**Exercise requirements**
In the records below, take the line containing "BALIK SEZONU AÇILDI, BALIKLAR" and reproduce it and every subsequent line exactly, adding nothing.

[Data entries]

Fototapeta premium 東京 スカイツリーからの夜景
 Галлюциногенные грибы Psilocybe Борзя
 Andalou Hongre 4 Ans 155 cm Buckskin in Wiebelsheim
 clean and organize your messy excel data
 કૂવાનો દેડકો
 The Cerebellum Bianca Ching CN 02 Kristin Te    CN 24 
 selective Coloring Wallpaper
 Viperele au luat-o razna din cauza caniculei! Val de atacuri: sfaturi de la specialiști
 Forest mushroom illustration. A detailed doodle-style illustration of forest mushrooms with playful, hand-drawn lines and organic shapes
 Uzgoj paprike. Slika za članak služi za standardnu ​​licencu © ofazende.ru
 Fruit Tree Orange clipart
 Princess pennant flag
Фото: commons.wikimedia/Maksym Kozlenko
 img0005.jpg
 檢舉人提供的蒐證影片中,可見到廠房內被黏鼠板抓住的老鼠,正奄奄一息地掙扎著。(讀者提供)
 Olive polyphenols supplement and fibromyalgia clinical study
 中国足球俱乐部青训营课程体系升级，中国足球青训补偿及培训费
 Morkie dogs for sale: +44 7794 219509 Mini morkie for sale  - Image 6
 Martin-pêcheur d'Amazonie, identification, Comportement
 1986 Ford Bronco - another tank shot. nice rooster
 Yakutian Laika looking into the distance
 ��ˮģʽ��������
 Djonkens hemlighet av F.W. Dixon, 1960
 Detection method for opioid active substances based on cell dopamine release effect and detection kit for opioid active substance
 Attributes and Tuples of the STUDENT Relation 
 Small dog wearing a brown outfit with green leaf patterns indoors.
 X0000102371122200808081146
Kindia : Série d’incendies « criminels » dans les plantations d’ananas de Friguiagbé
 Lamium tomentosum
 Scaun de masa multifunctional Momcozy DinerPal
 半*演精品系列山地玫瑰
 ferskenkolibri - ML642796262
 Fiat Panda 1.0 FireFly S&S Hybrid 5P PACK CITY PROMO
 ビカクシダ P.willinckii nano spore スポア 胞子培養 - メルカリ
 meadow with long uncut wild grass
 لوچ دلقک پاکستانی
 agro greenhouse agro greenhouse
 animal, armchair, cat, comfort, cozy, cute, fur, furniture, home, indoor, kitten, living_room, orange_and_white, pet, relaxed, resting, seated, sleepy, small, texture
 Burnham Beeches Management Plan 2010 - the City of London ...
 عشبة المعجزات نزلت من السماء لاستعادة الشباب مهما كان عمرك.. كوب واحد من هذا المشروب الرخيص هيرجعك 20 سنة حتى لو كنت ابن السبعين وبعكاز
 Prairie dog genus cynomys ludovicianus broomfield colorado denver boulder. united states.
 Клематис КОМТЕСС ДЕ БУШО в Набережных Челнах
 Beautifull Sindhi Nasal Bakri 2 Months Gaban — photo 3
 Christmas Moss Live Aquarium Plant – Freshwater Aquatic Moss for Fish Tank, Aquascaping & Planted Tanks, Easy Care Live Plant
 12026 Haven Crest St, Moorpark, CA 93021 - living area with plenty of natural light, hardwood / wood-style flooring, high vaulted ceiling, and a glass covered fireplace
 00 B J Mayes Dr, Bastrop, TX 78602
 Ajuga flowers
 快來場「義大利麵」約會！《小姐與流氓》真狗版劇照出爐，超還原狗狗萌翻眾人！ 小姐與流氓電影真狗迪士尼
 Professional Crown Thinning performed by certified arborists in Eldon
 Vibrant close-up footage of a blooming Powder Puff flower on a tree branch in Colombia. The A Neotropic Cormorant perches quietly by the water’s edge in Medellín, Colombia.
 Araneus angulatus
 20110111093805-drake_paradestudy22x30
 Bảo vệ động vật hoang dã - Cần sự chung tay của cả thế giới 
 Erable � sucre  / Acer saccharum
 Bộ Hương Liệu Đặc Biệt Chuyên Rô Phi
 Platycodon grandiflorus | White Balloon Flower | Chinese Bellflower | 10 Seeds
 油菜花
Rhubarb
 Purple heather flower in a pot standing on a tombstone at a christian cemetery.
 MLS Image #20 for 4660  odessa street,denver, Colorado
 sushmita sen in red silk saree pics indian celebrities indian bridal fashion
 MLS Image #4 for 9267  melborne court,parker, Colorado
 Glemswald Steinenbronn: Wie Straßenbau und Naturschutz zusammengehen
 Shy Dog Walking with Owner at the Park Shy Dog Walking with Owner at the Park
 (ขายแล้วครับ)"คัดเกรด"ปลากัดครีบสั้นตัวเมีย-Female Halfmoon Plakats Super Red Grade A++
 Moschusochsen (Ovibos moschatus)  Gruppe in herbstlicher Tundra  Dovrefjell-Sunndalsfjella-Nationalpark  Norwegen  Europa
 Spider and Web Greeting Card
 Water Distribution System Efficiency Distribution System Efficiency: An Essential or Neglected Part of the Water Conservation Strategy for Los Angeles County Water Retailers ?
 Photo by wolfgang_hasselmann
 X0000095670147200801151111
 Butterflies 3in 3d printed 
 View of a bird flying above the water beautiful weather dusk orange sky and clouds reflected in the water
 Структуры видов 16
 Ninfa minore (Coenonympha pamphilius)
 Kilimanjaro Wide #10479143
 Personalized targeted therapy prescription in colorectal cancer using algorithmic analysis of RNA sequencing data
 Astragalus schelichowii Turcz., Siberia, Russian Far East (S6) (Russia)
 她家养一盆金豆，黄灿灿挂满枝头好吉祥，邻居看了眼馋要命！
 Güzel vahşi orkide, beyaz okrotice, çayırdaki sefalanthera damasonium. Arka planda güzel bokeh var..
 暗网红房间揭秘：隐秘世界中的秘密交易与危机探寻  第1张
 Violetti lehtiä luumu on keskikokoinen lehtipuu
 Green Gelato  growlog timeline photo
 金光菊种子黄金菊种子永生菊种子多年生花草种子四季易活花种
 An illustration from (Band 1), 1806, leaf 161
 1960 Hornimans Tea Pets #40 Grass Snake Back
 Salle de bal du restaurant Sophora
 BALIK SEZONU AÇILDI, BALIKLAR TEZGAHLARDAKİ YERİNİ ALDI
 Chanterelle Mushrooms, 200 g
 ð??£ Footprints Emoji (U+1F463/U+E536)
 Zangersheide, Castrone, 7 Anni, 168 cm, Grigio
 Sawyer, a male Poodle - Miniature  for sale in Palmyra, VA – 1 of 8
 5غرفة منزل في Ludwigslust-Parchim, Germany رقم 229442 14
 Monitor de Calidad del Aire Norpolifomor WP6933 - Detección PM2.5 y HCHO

**Finished exercise**
 BALIK SEZONU AÇILDI, BALIKLAR TEZGAHLARDAKİ YERİNİ ALDI
 Chanterelle Mushrooms, 200 g
 ð??£ Footprints Emoji (U+1F463/U+E536)
 Zangersheide, Castrone, 7 Anni, 168 cm, Grigio
 Sawyer, a male Poodle - Miniature  for sale in Palmyra, VA – 1 of 8
 5غرفة منزل في Ludwigslust-Parchim, Germany رقم 229442 14
 Monitor de Calidad del Aire Norpolifomor WP6933 - Detección PM2.5 y HCHO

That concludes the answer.